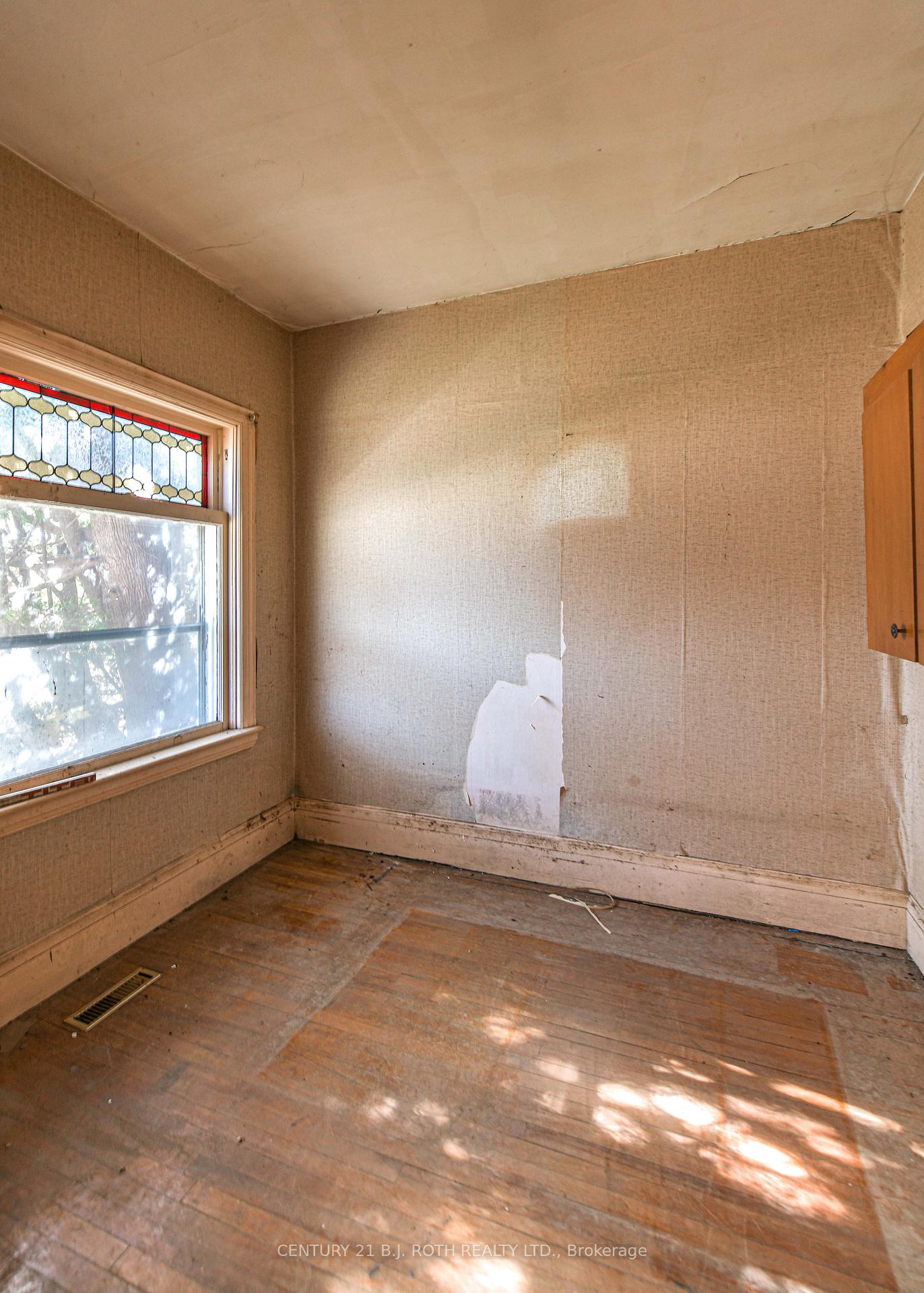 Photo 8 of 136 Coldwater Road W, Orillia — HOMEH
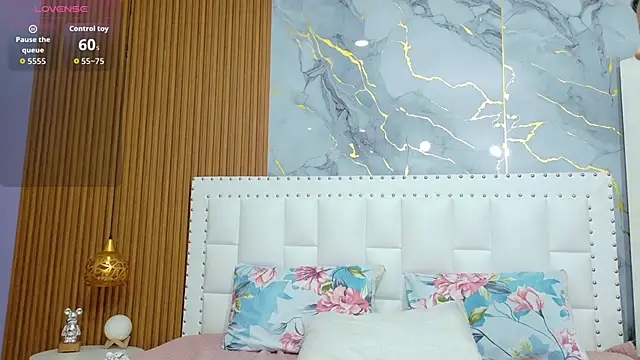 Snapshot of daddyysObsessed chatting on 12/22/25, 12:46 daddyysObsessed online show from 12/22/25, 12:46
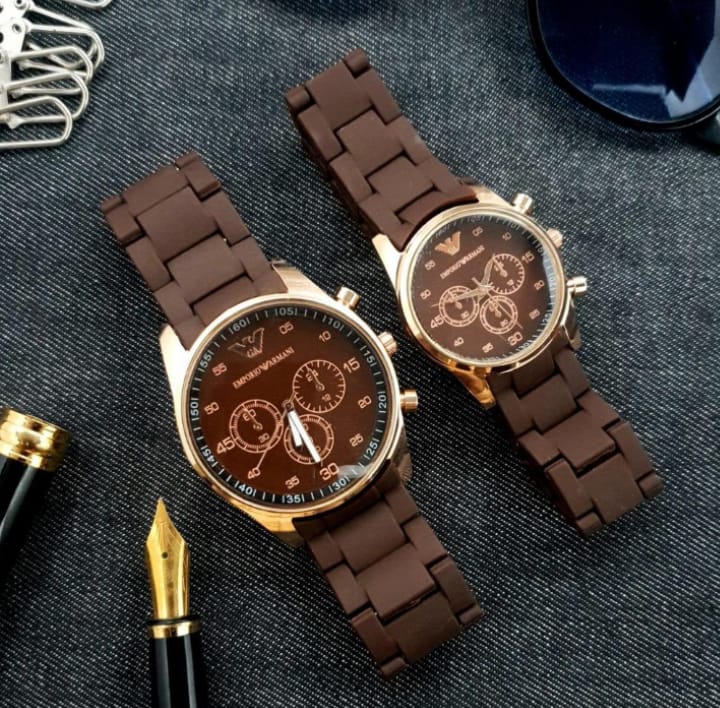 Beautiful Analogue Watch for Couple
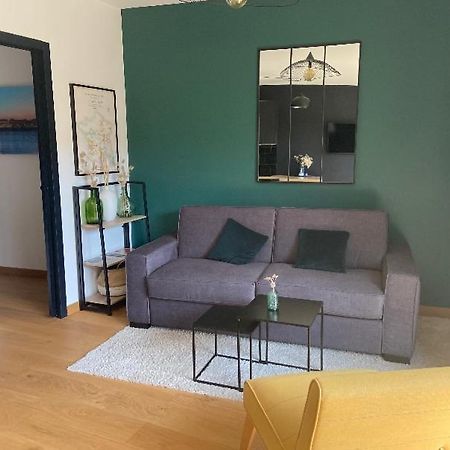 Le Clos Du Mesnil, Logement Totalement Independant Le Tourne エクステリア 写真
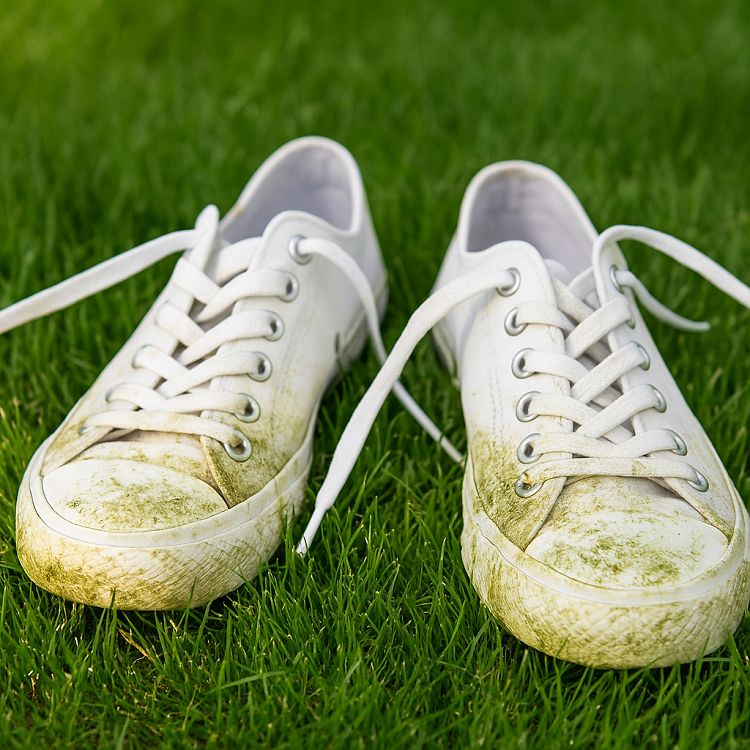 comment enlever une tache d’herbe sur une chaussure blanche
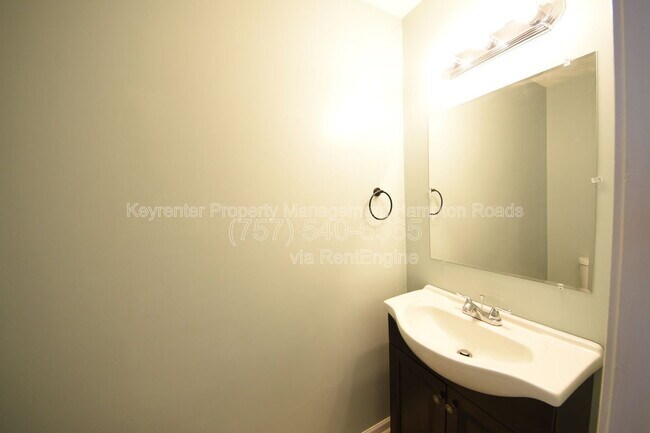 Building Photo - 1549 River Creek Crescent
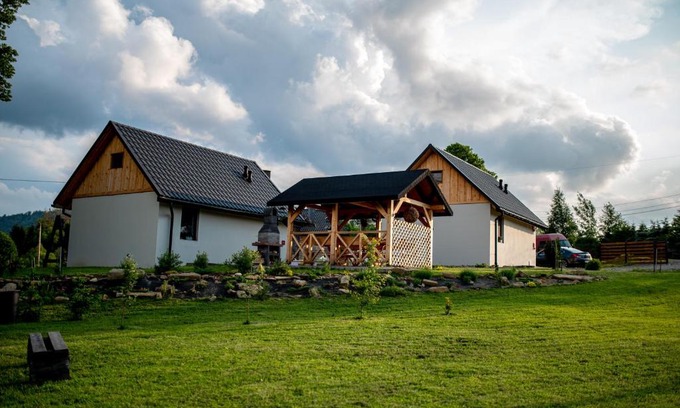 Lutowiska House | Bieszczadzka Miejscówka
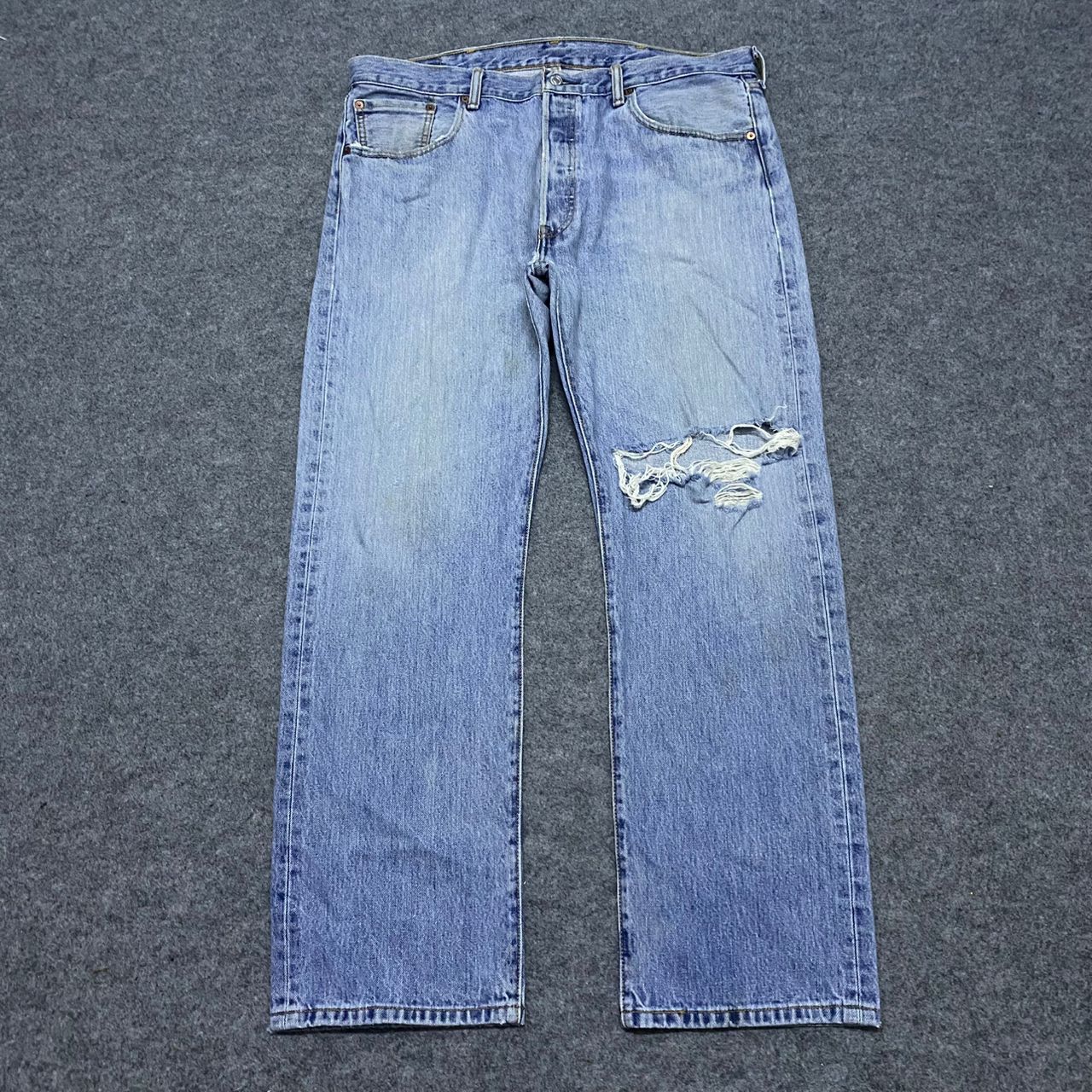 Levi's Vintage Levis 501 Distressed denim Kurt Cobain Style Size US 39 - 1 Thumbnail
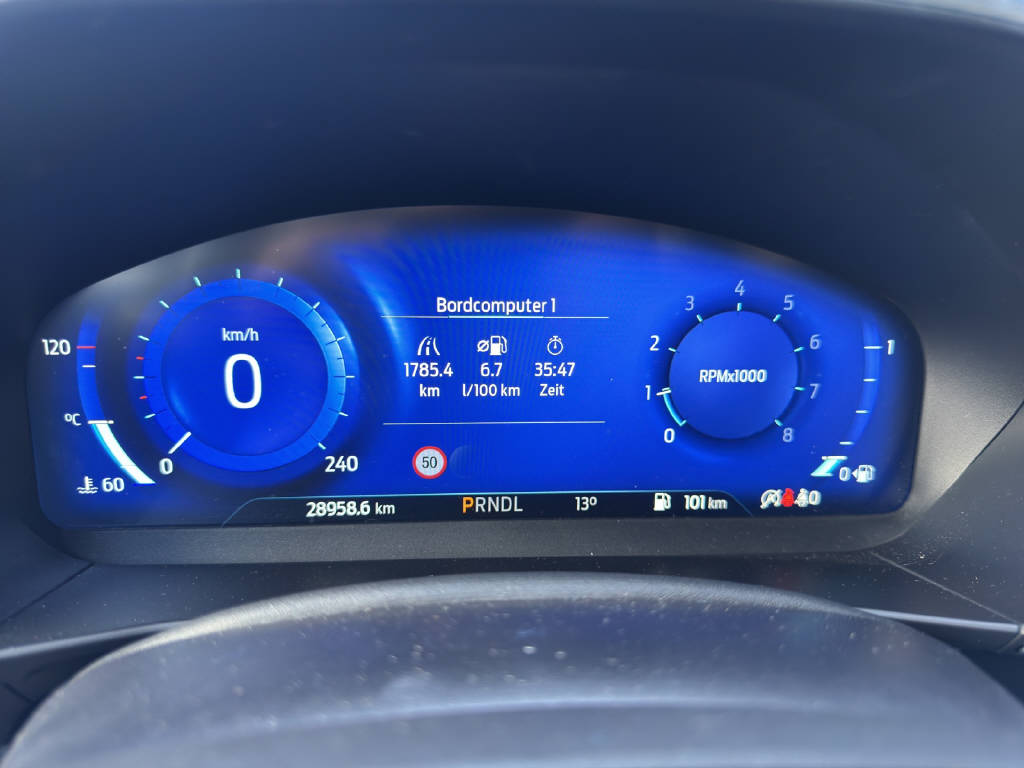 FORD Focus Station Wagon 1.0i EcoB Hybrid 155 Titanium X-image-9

What you should do:
Please leave the images out and retype the rest of the material exactly.

Reply:
 Photo 8 of 136 Coldwater Road W, Orillia — HOMEH
 Snapshot of daddyysObsessed chatting on 12/22/25, 12:46 daddyysObsessed online show from 12/22/25, 12:46
 Beautiful Analogue Watch for Couple
 Le Clos Du Mesnil, Logement Totalement Independant Le Tourne エクステリア 写真
 comment enlever une tache d’herbe sur une chaussure blanche
 Building Photo - 1549 River Creek Crescent
 Lutowiska House | Bieszczadzka Miejscówka
 Levi's Vintage Levis 501 Distressed denim Kurt Cobain Style Size US 39 - 1 Thumbnail
 FORD Focus Station Wagon 1.0i EcoB Hybrid 155 Titanium X-image-9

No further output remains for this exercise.